Home

SCHRIFTELIJKE VRAAG E-2636/99 van Hans-Peter Mayer (PPE-DE) aan de Commissie. Hernieuwbare energiebronnen - plannen van de Commissie.

SCHRIFTELIJKE VRAAG E-2636/99 van Hans-Peter Mayer (PPE-DE) aan de Commissie. Hernieuwbare energiebronnen - plannen van de Commissie.

SCHRIFTELIJKE VRAAG E-2636/99

van Hans-Peter Mayer (PPE-DE) aan de Commissie

(12 januari 2000)

Betreft: Hernieuwbare energiebronnen plannen van de Commissie

In hoeveel lidstaten ontvangen producenten van stroom die wordt opgewekt met hernieuwbare energiebronnen nationale subsidies, zoals bijvoorbeeld in Duitsland via het zgn. Stromeinspeisungsgesetz? Op aandringen van de Raad en het Europees Parlement heeft de Europese Commissie een voorstel voor een richtlijn voor de stroomopwekking uit hernieuwbare energiebronnen opgesteld. In dit document wordt bepaald dat wanneer het aandeel van deze uit hernieuwbare energiebronnen opgewekte stroom in de betreffende lidstaat 5 % van het totale stroomverbruik bedraagt, de stroommarkt in de zin van de interne markt vanaf 2010 ook voor de invoer van uit hernieuwbare energiebronnen opgewekte stroom uit andere lidstaten moet worden opengesteld.

Bij deze regeling kunnen twee kanttekeningen worden gemaakt:

1. In Duitsland verlenen banken op het gebied van hernieuwbare energiebronnen gewoonlijk kredieten voor een periode van twaalf tot vijftien jaar. De einddatum van 2010 zou neerkomen op het dichtdraaien van deze kraan en zou ertoe leiden dat kleine en middelgrote bedrijven die gespecialiseerd zijn in hernieuwbare energiebronnen in financiële nood raken.
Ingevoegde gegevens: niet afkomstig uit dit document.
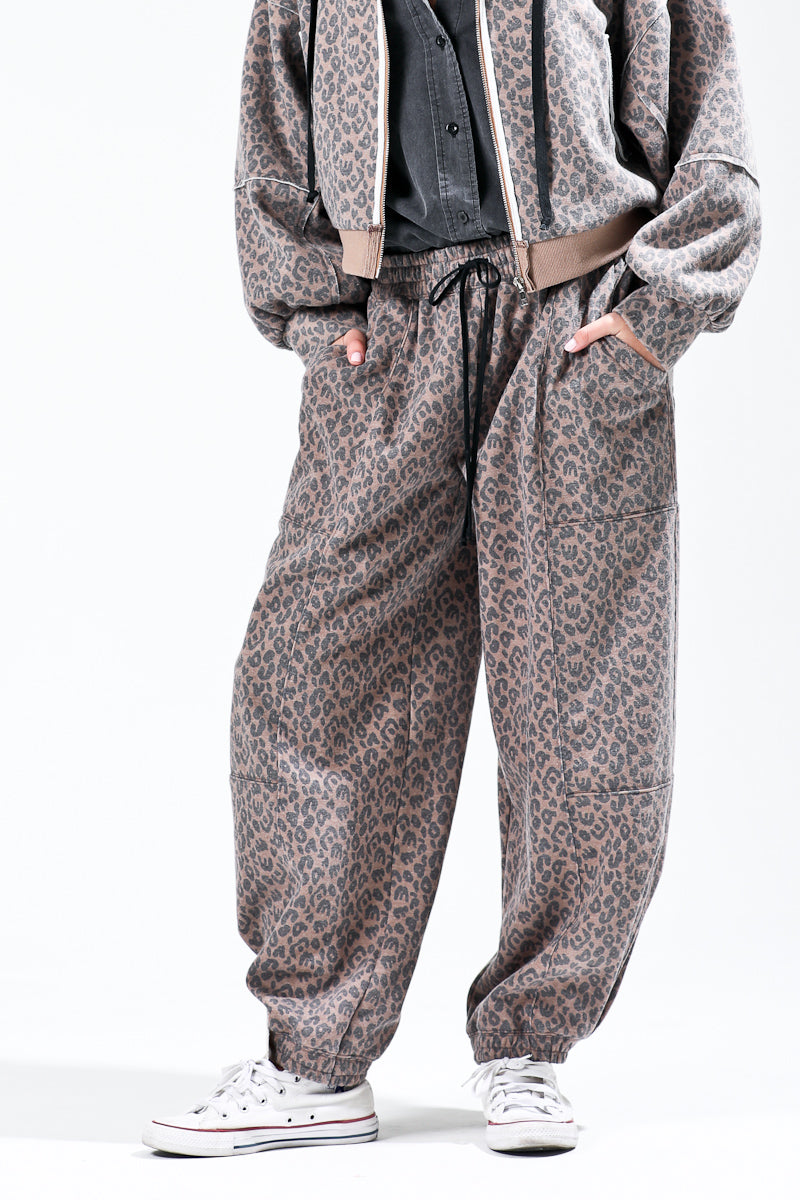 close up of Spotted & Chic Joggers in Latte Cheetah - women's relaxed fit cheetah print joggers with elastic drawstring waist and cuffed hem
Dat zou volledig in tegenspraak zijn met de gedachte dat hernieuwbare energie moet worden ondersteund.

2. Tegelijkertijd handelt de EU daarmee in strijd met de voorgenomen terugdringing van de CO2-uitstoot.
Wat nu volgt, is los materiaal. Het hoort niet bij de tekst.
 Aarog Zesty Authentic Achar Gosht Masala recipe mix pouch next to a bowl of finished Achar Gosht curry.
Kan de Commissie haar standpunt in dezen meedelen?

Antwoord van mevrouw de Palacio namens de Commissie

(29 februari 2000)

Elk communautair initiatief met betrekking tot een voorstel voor een ontwerp-richtlijn betreffende elektriciteit uit duurzame bron moet twee doelstellingen hebben: ten eerste een aanzienlijke groei van elektriciteitsproductie uit duurzame energiebronnen in alle lidstaten, welke een fundamentele bijdrage vormt tot het nakomen van de te Kyoto aangegane verplichtingen en tot de indicatieve doelstelling, die is uiteengezet in het Witboek inzake duurzame energiebronnen, om het aandeel van duurzame energie in 2010 te verdubbelen van 6 % tot 12 % van het bruto binnenlandse energieverbruik; ten tweede de geleidelijke opneming van elektriciteit uit duurzame energiebronnen in de interne markt voor elektriciteit.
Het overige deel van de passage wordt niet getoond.